Oh, wait - let me back up a little bit. Over the weekend I got some great news. I found out that I'm a genius.
I know, many of you are saying to yourselves, "No surprise to me. Why, just look at the pearls of wisdom that man dishes out each and every week."
And that is why I would like to thank all of the little people with whom I have rubbed shoulders on my way up the ladder to geniusdom.
So how did I realize I was in possession of such a gift?
Online testing, of course.
I was singled out, by way of an exclusive email campaign, to take an IQ test, and as I've mentioned on these pages before, if it's online, it must be true.
Contained on this website were several versions of the test, the longest of which was more than 300 questions long.
I decided on this version for two reasons. First of all, more questions obviously means more brains are needed to finish it, and two, I get paid by the hour.
The first series of questions dealt with trains, passengers, and clocks. Oh, and miles.
Obviously, this was a trick question as anyone that concerned about what time they are getting to Chicago no doubt would have taken a plane. So I, of course, left that one blank. A clear sign of thinking outside the box and a demonstration of advanced intellect.
Speaking of boxes, the next series of questions were a series of shapes - boxes, triangles, circles, and those stop sign-ny things.
I'm fairly sure the object was to find the difference between the blue shapes and the red shapes. Yep, aced it.
Next up was word association, followed by an inkblot test where everything looked liked squished bugs, so I think this also doubled as the science portion.
Next was the math test. The questions were based on a man who had some apples, then gave some away, then got some more, and then ... well, at that point I got a little hungry and ran over to Safeway for some fruit.
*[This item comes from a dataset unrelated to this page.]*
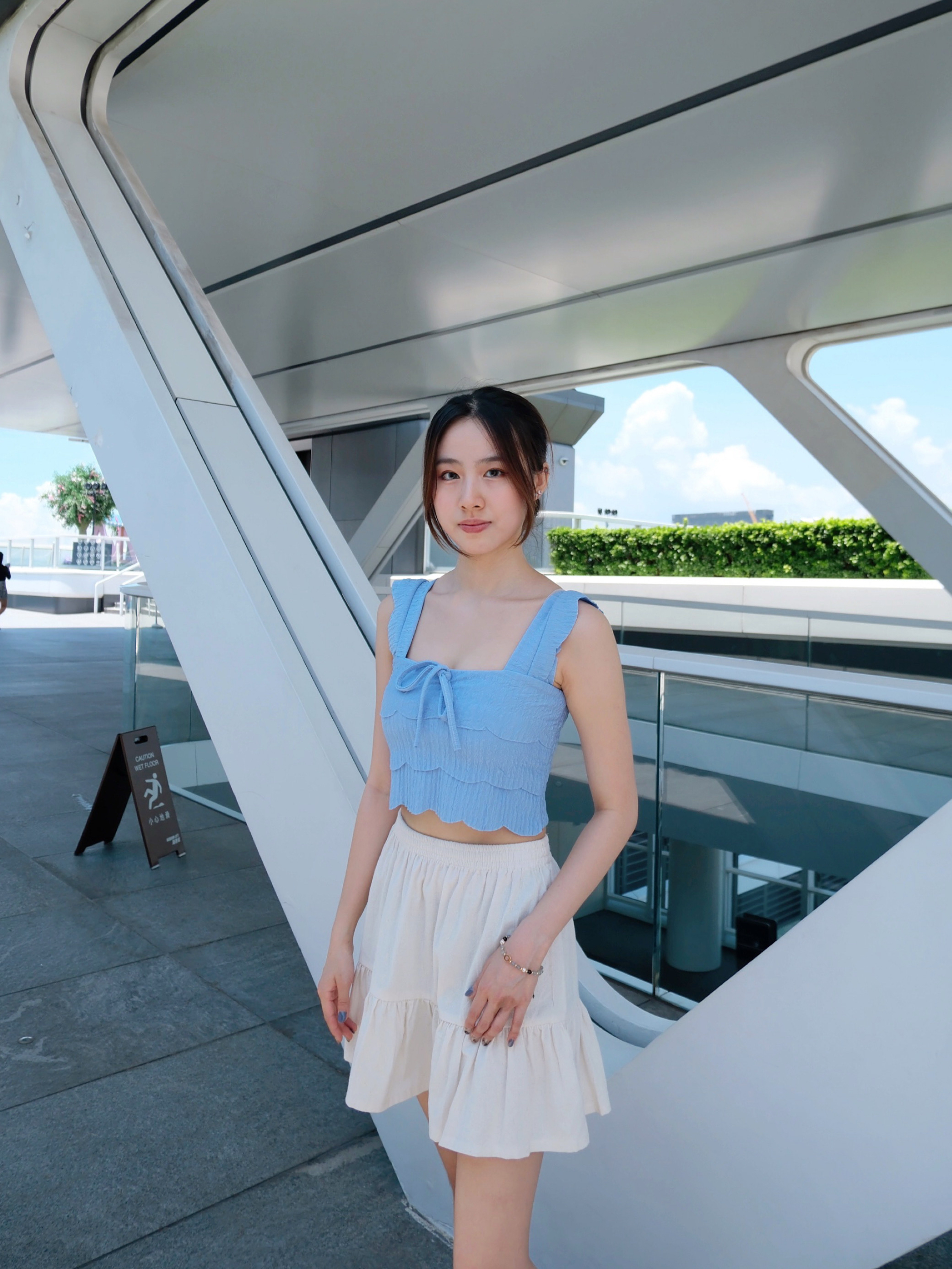 ♡︎TH - 棉麻下擺高腰短裙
When I got back, the test had timed out, which meant that I must have already answered enough questions for the company to determine that I ranked high enough to reach genius status.
I scored in the top 1 percent. Yep, right there in the middle of the screen was a big flashing "1%."
I really shouldn't have been too surprised. Even in high school, one of my teachers told me that I had already surpassed her learning expectations. On several occasions I could hear her saying, "I can't teach you anything."
As you may have guessed, with my new geniosity comes, not just great power, but great responsibility as well.
What will I do with my vast knowledge? What great things will I accomplish with my obvious advanced abilities? World peace? Global warming?
Soon after completing the test and sending over the cashiers check for the Certificate of Genius - it must be some fancy certificate, it cost a bundle - I began receiving emails from an African prince who needs my help with some sort of financial problem.